Sometimes it's not easy being Russia's neighbor - just ask Ukraine. Ever since the 1991 implosion of the USSR, Ukraine's relations with Russia have appeared between coldly formal and outright hostility, with a major irritant being the increasingly high prices Gazprom charges for natural gas.
Gazprom in turn needs access to Ukraine’s pipeline network in order to reach its profitable European customers. Faced with this symbiotic relationship, Kiev has been assiduously looking for ways to break out of its dependency on Russian energy imports, and now it looks as if this may in fact be coming true.
The head of Ukraine’s state geology and subsurface resource service Gosgeonedr Eduard Stavitsky said, "Today, the state fund of subsurface resources is about 1.1 trillion cubic meters of gas and about 130-150 million tons of oil with gas condensate. In from seven to ten years, Ukraine will be able to fully supply itself with gas and oil, excluding the purchase of imported energy resources."
TNK-BP is ready to invest $2 billion in the development of shale gas in Ukraine by 2020. Shell has already prepared a project for extraction at the Yuzovsky gas field and is ready in the next three years to pump several billions of dollars into opening it, hoping within ten years to be extracting around 8-10 billion cubic meters of gas per year there.
In Western Ukraine, investors, particularly Chevron, are showing interest in the Olessky field, straddling the Lviv, Ivano-Frankivsk, and Ternopol regions, covering around 2,700 square miles.
According to Ukrainian Deputy Fuel and Energy Minister Serhiy Chekh, Ukraine’s state-run Naftogaz energy company is drafting an agreement with global oil and gas group Shell to develop the Black Sea shelf.
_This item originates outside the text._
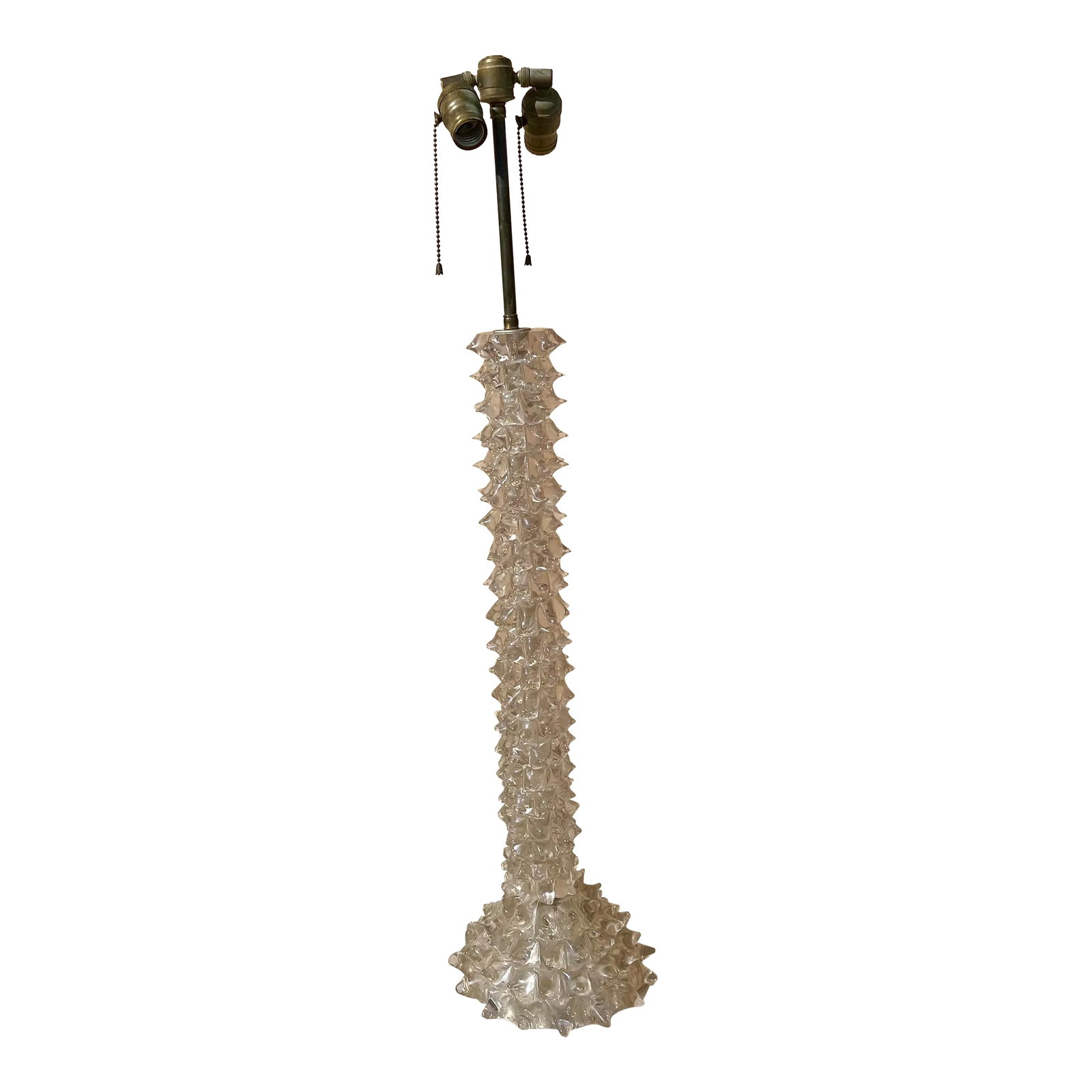 Vintage 1960s Murano Table Lamp by Barovier: This vintage Murano lamp by Ercole Barovier features a unique shape made out of Murano glass, giving it that extra something that everyone wants in their home. Condition: Alterations: Original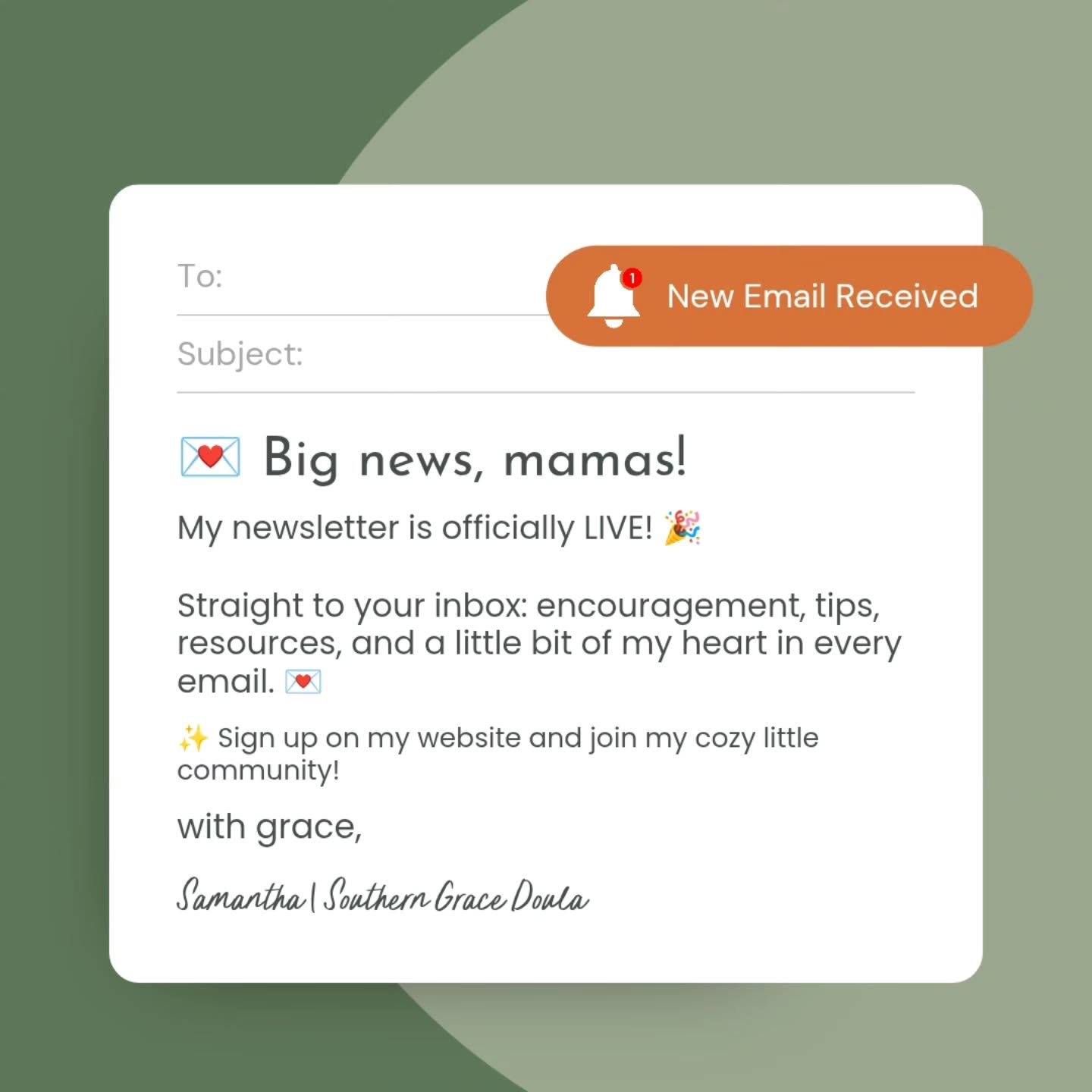 Hey y&rsquo;all 💛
Chekh said Ukraine could boost oil and gas production in the Black Sea and the Sea of Azov but it would require significant investment, but nevertheless Ukraine plans to raise oil output on the Black Sea shelf to 2.9 million tons a year by 2015, including gas condensate.
If Ukraine is in fact able to achieve energy independence, it will rob Moscow of one of its major bargaining holds over Kiev. Quite aside from the fractious issues involved in the transiting of Gazprom natural gas through Ukraine, another issue that has roiled Russian-Ukrainian relations for the past two decades still remains unresolved, Russia's continuing use of the Crimean port of Sevastopol for its Black Sea Fleet. In the past Moscow has played hardball over continued use of the port, most notably by using its “natural gas weapon.”
Given energy's centrality to the country’s prosperity, this has proven a major obstacle for many of Ukraine's previous political leaders, including Viktor Yushchenko.
More than any other former Soviet state, Moscow desires a “friendly” Ukraine. Among other things this means for Ukraine, no NATO membership, a high priority of President Yushchenko. Should Kiev step out of line, Moscow still has a number of cards to play, including the country’s ethnic Russian population, roughly 17 percent of the country’s citizenry.
For the European Union, however, Ukrainian self-sufficiency in energy production could prove to be a significant lessening, as it could put an end annual brinkmanship laid by Russia and Ukraine over natural gas exports, which has disrupted winter supplies over the past several years.